Xiangshan County, also spelled Hsiangshan, Siangshan, Heungsan, and Heungshan, was a former county in Southern central China. From 1912, it was a county in Guangdong Province, in the Republic of China. It was renamed Zhongshan (then usually romanized "Chungshan") in April 1925, in honor of the founder of the Republic of China, Sun Yat Sen, a Xiangshan native.

The county covered the modern-day Zhuhai City, Zhongshan City and a part of Nansha District of Guangzhou City in the Guangdong Province of the People's Republic of China (PRC), and the Macau Special Administrative Region of the People's Republic of China, formerly known as Portuguese Macau until 1999.

== History==
The county consists of the entirety of Xiangshan Island, an island in a bay where three rivers emptied into the sea, part of the Pearl River Delta. It was originally separated from the continent by the distributaries in the delta, until it became a peninsula some time during the 17th century, but remained separated from the mainland by waterways.

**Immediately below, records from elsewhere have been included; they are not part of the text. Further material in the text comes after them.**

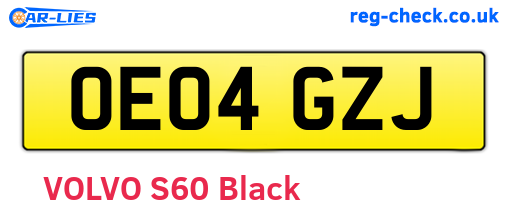 OE04GZJ are the vehicle registration plates.
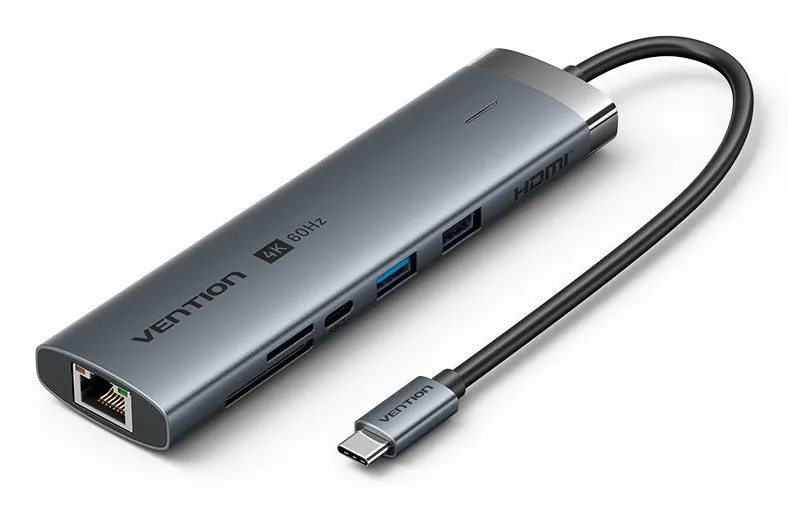 Vention TGVHB hub di interfaccia USB tipo-C 5000 Mbit/s Grigio - immagine 1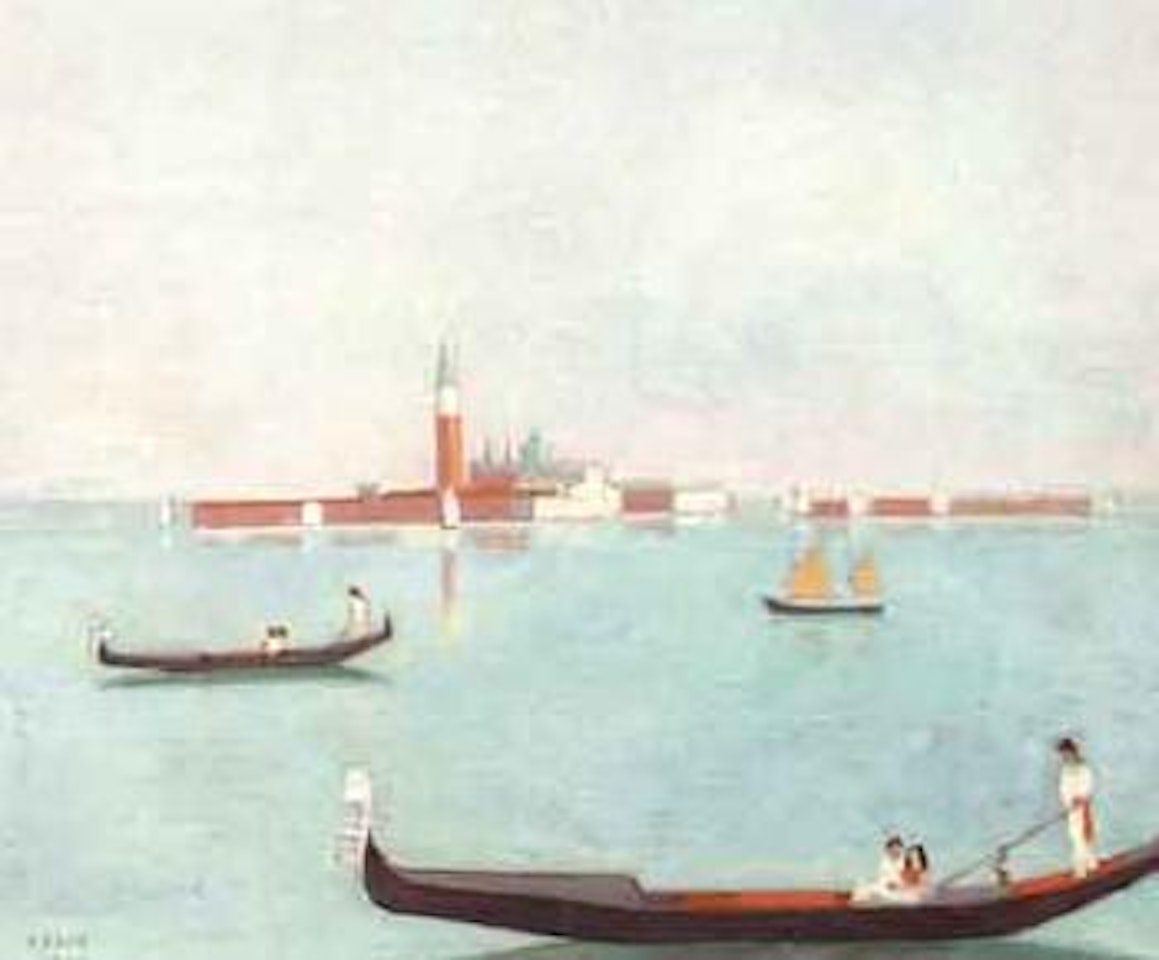 Venetian view with gondolas by Einar Jolin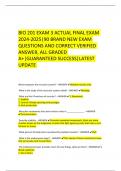 BIO 201 EXAM 3 ACTUAL FINAL EXAM 2024-2025|90 BRAND NEW EXAM QUESTIONS AND CORRECT VERIFIED ANSWER, ALL GRADED A+|GUARANTEED SUCCESS|LATEST UPDATE 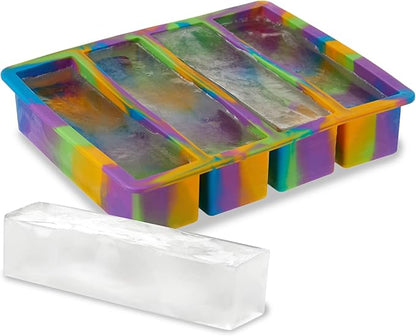 Host Ice Cube Tray, Makes Four 5-Inch Long Cubes, Durable Silicone Trays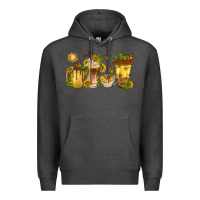 Charcoal Heather sunflower coffee cups Premium Hoodie - texasbilliewilder
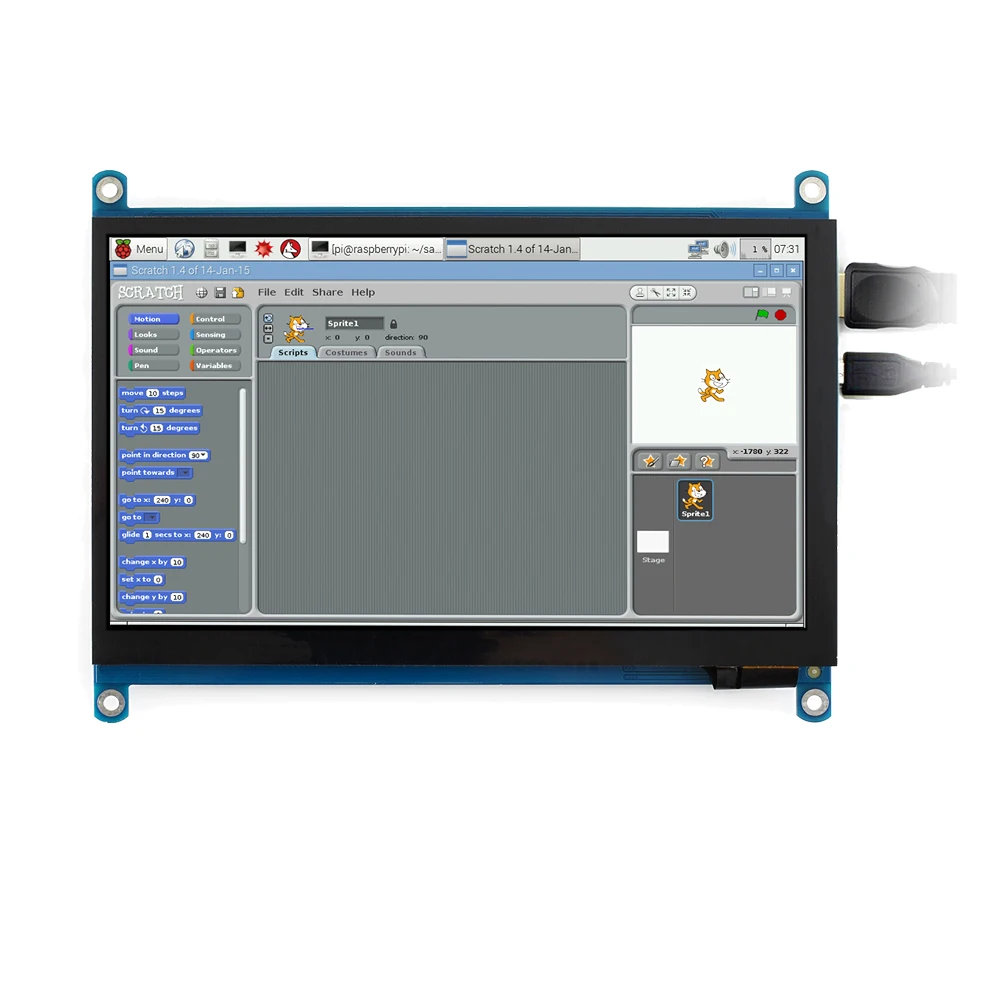Waveshare 7 inch HDMI LCD (H) Computer Monitor 1024*600 IPS Capacitive Touch Screen Supports Raspberry Pi Jetson Nano Win10 Etc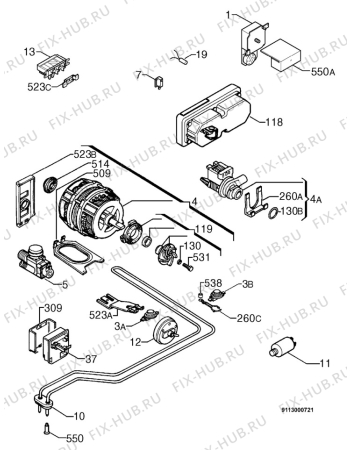 Взрыв-схема посудомоечной машины Privileg 941778_1035 - Схема узла Electrical equipment 268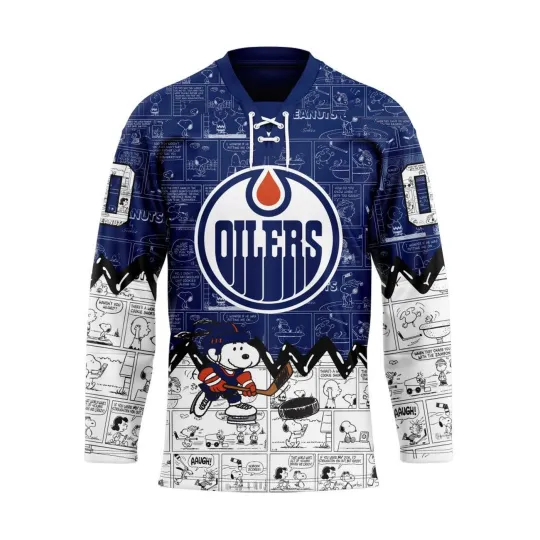 Discover Personalized Edmonton Oilers Special Peanuts Lace Hockey Shirt  Design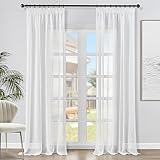 Topfinel Voile Gardinen Vorhänge mit Kräuselband in Leinen-Optik Transparent für Wohnzimmer Schlafzimmer Fenster Einfarbige Weiß 2er Set 140x245cm (BxH)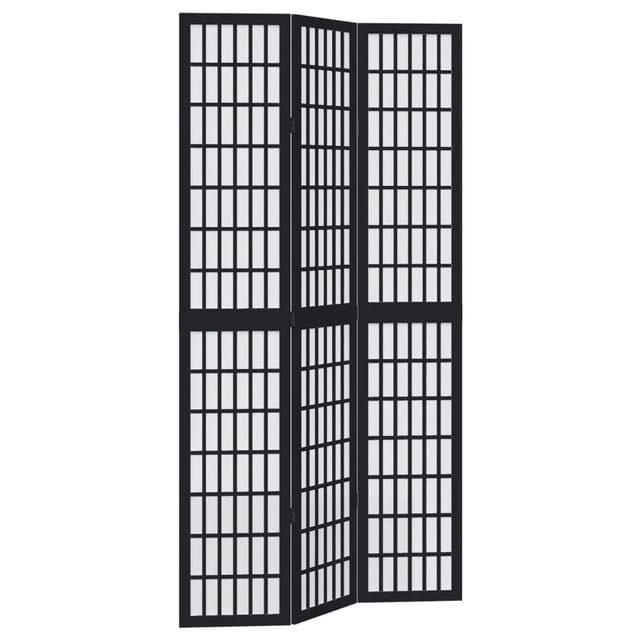 vidaXL 3 Tlg Paravent Schwarz Massivholz Paulownia 358768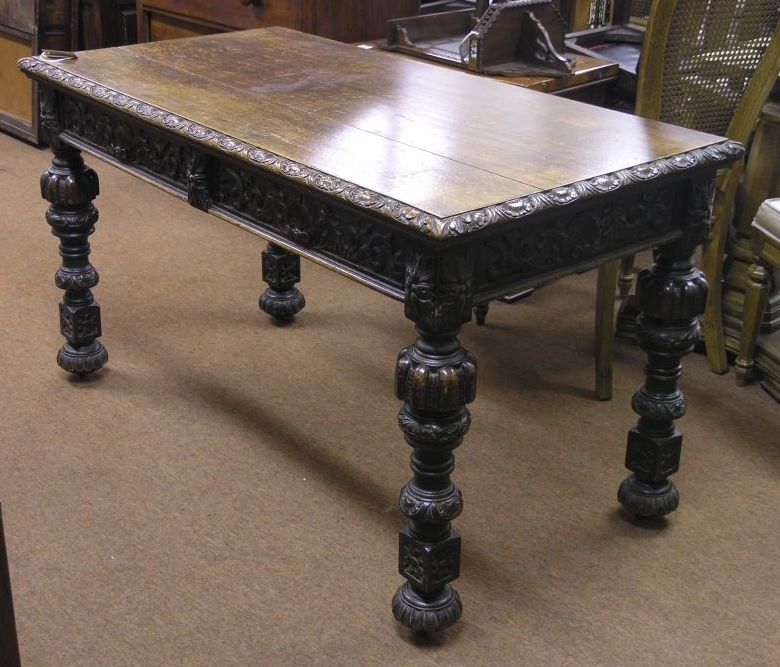 Appraisal: A late Victorian Edwards Roberts dark carved oak library table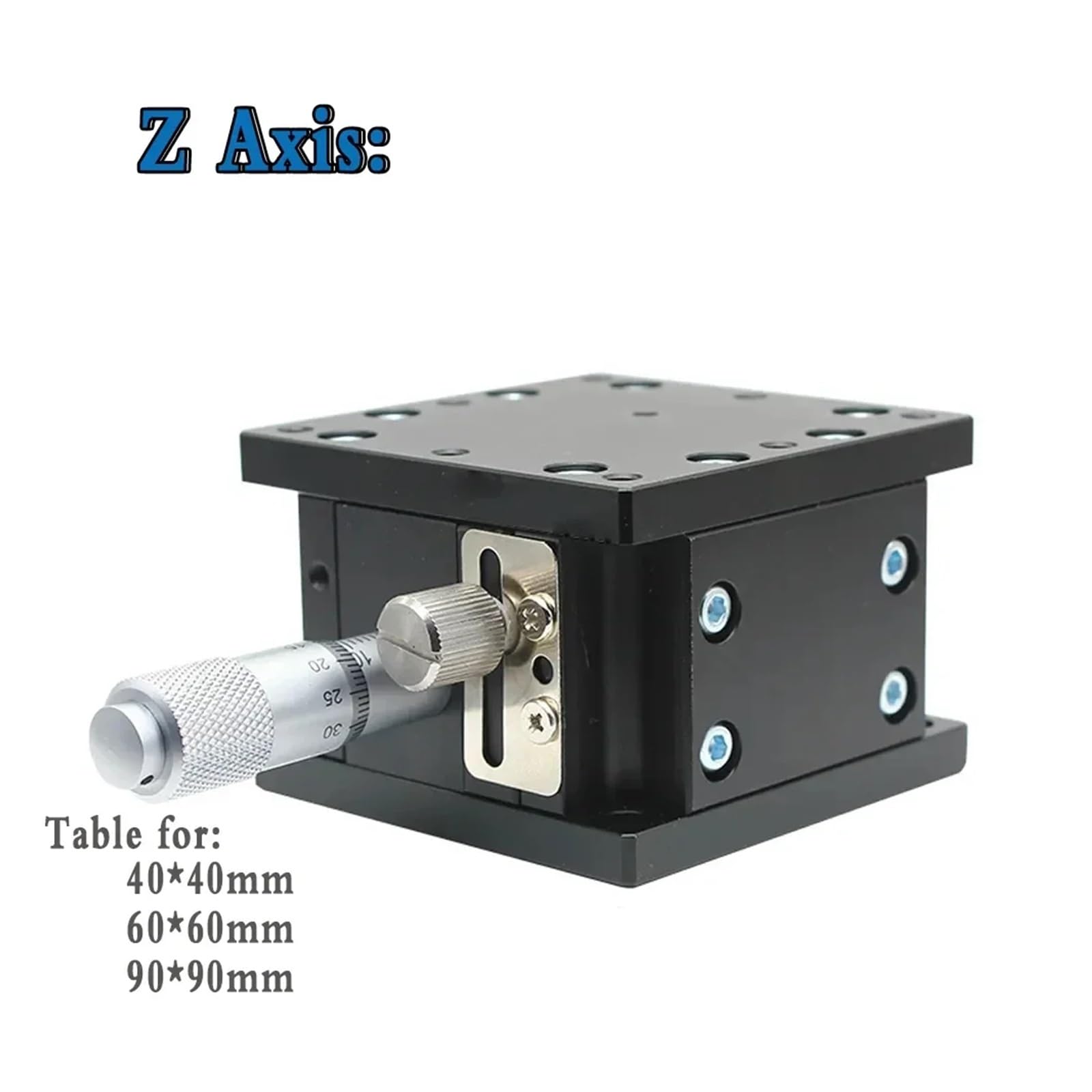 Tavolino micrometrico Mi/Ni Spostamento X/XY/ 40mm 60mm 90mm per apparecchiature ottiche (Z-,60mm)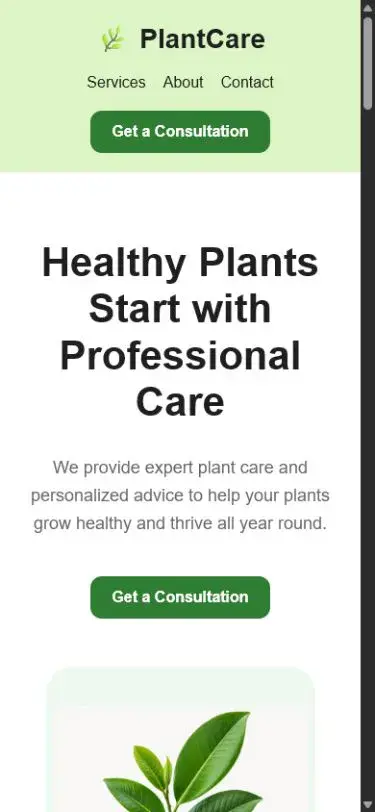 PlantCare hero shown in its mobile layout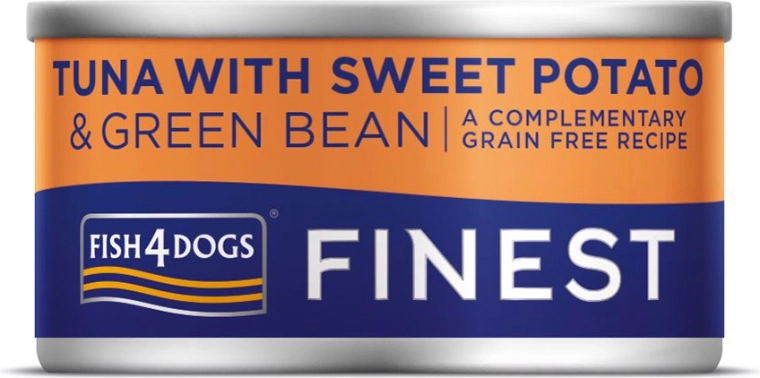 Konservai šunims su tunu, batatais ir žaliosiomis pupelėmis 85 g FISH4DOGS Finest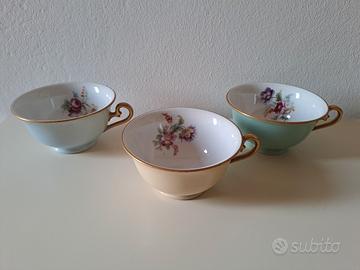 Set 3 tazze tè Richard Ginori anni 50 pastello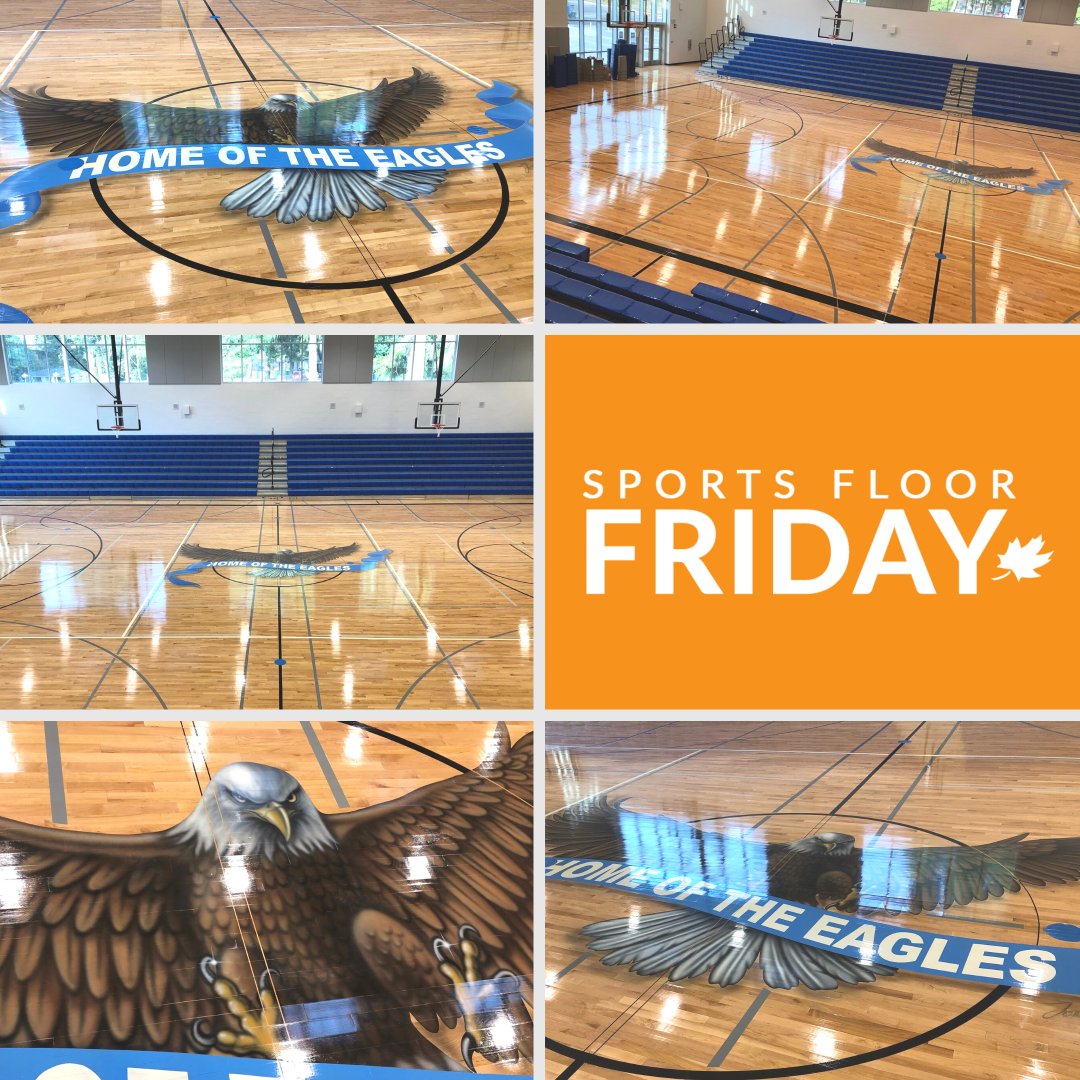 Highland Middle School in Bellevue, Washington shows off an impressive hand airbrushed design on their court. #SportsFloorFriday

Install: T&amp;T Contractors, Inc. in Hillsboro, Oregon 
System: 9,000 SF ProAction Flex bit.ly/3llj76C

Around the 8th century (during the Tang dynasty), a Xiangshan Township was carved out of the Bao'an County and Dongguan County, at the present-day Shanchang (山場) of Zhuhai. Around the 12th century (during the Northern Song dynasty), this township became a separate county.

During the mid-16th century, in the Ming dynasty, the Portuguese settled in Macau. This was permitted by the Ming dynasty, but despite the Portuguese presence, Macau was still under the jurisdiction of Xiangshan.) Macau became a full Portuguese colony in 1847. This colony later expanded to include Ilha Verde, Taipa and Coloane.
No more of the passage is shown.